I'm currently using the traditional rsync+cp -al method to create incremental/snapshot backups of our server tree. The backups are going onto a pair of eight-disk towers connected to the backup machine (a Sandy Bridge machine with 16 GB of RAM, running CentOS 5.5) via four eSATA connections (four disks per connection). Each disk is a regular 2 TB disk, so we have 32 TB of disk space connected to the backup machine. We're backing up about 20 TB of data on the servers with this.
The problem is that each daily backup is taking more than 24 hours, and the real time-killer isn't the actual rsync, but the time it takes to perform a cp -al of the tree locally on the backup machine. It's taking more than 12 hours just to make the shadow copy of the tree, and as far as I can tell the performance backlog is at the disk (top shows the cp using a lot of RAM but not a lot of CPU and mostly in uninterruptible-sleep state)

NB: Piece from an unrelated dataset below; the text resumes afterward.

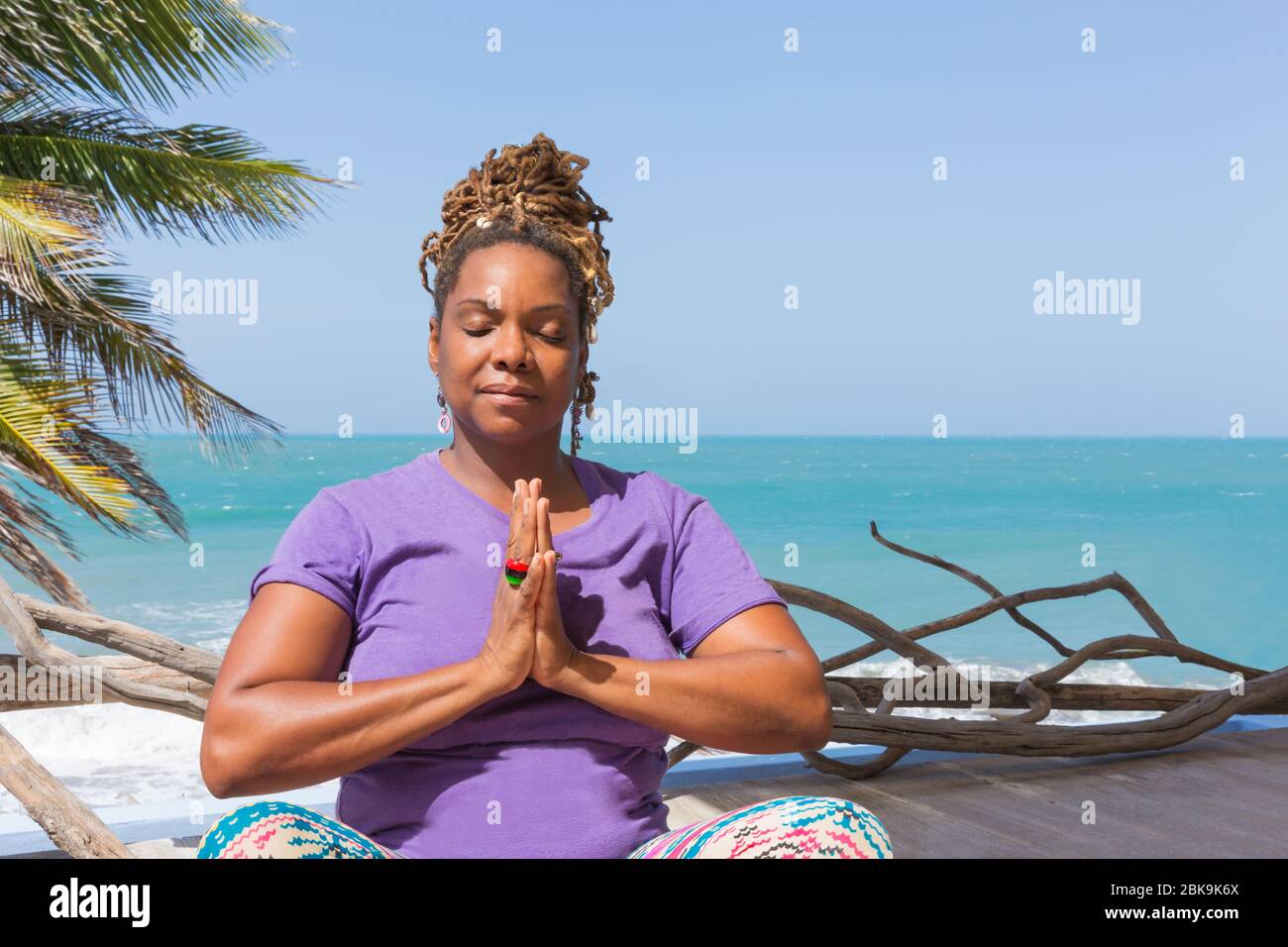 Belle femme noire, africaine ou caribéenne pratiquant le bien-être et pose de yoga dans le complexe ou l'hôtel à l'extérieur surplombant la plage et l'océan magnifiques. Banque D'Images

We have the server data split into four major volumes (and a few minor ones), and each of these backups runs in parallel (with some offsets in the cron to try to get some disks' cp done first). There are two volumes on the backup drive, both striped LVM volumes of 16 TB each.
So obviously I need to improve the performance because it's unusable as it stands.

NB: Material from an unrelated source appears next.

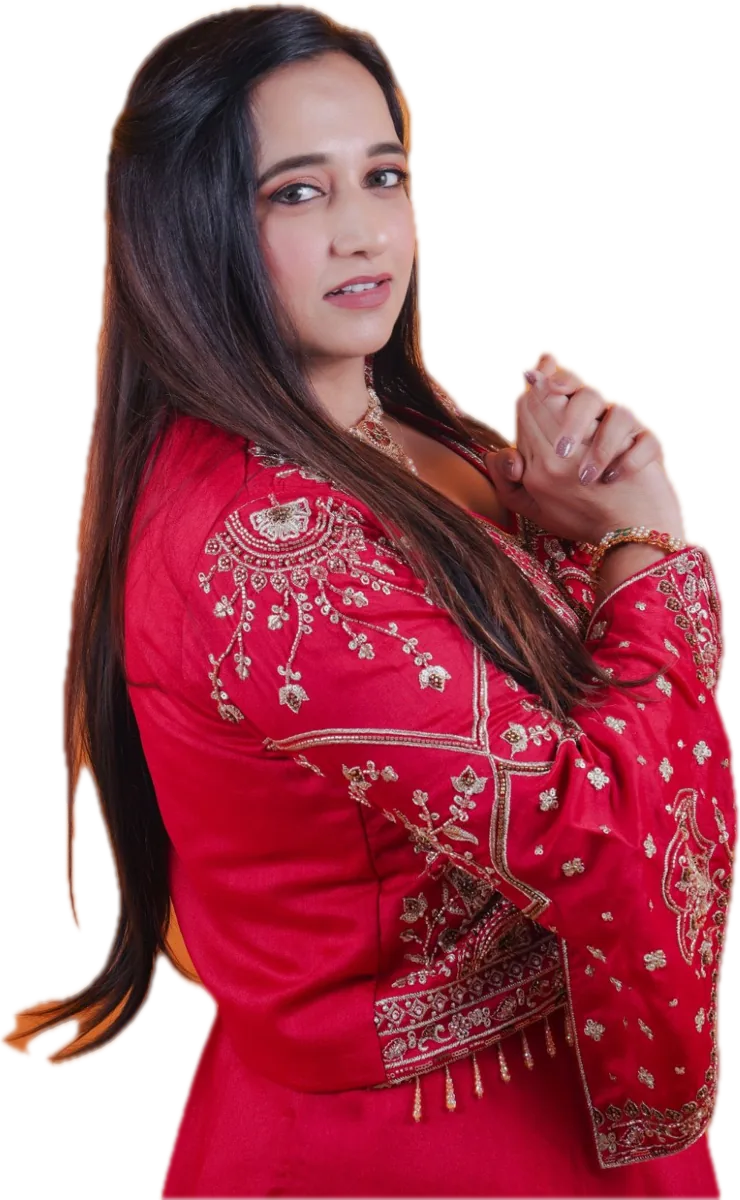 Diimple Pancholi in a red embroidered outfit, looking over her shoulder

The first question is: when CentOS 6 comes out, with support for btrfs, will making snapshots of subvolumes with btrfs substantially increase this performance?

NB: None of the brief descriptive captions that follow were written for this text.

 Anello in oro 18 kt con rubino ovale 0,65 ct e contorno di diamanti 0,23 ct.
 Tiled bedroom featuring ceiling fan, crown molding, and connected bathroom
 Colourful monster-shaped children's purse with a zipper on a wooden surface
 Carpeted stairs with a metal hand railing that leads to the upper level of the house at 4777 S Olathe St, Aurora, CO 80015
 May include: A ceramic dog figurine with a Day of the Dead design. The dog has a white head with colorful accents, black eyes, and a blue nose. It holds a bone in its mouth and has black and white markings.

The second is: is there a way, with ext3 or something else supported in CentOS 5 or 6, to 'encourage' it to put the directories/inodes in one part of a volume (which could happen to be the part that's on an SSD, via LVM) and the files in another? That would presumably solve the problem, but I don't know of ways to hint ext3 like that.
You could try using
--link-dest
and related options instead of followingrsync
withcp -al
. See the man page and tutorials like this one for details.You could get a little extra speed by turning off ext3's journal, though I wouldn't recommend that as it increases the chance of damaged backups if something goes wrong during an update.
If your backups include directories with many files, then you might find reformatting as ext4 or using the dir_index option with ext3 may improve things - but in both cases you might need to reformat to see the full benefit as just remounting the filesystem with the new options won't convert any existing structures.
Consider using rdiff-backup instead of rsync+cp. It handles old copies of files automatically, so you don't need to cp.
From rdiff-backup page:
"The target directory ends up a copy of the source directory, but extra reverse diffs are stored in a special subdirectory of that target directory, so you can still recover files lost some time ago."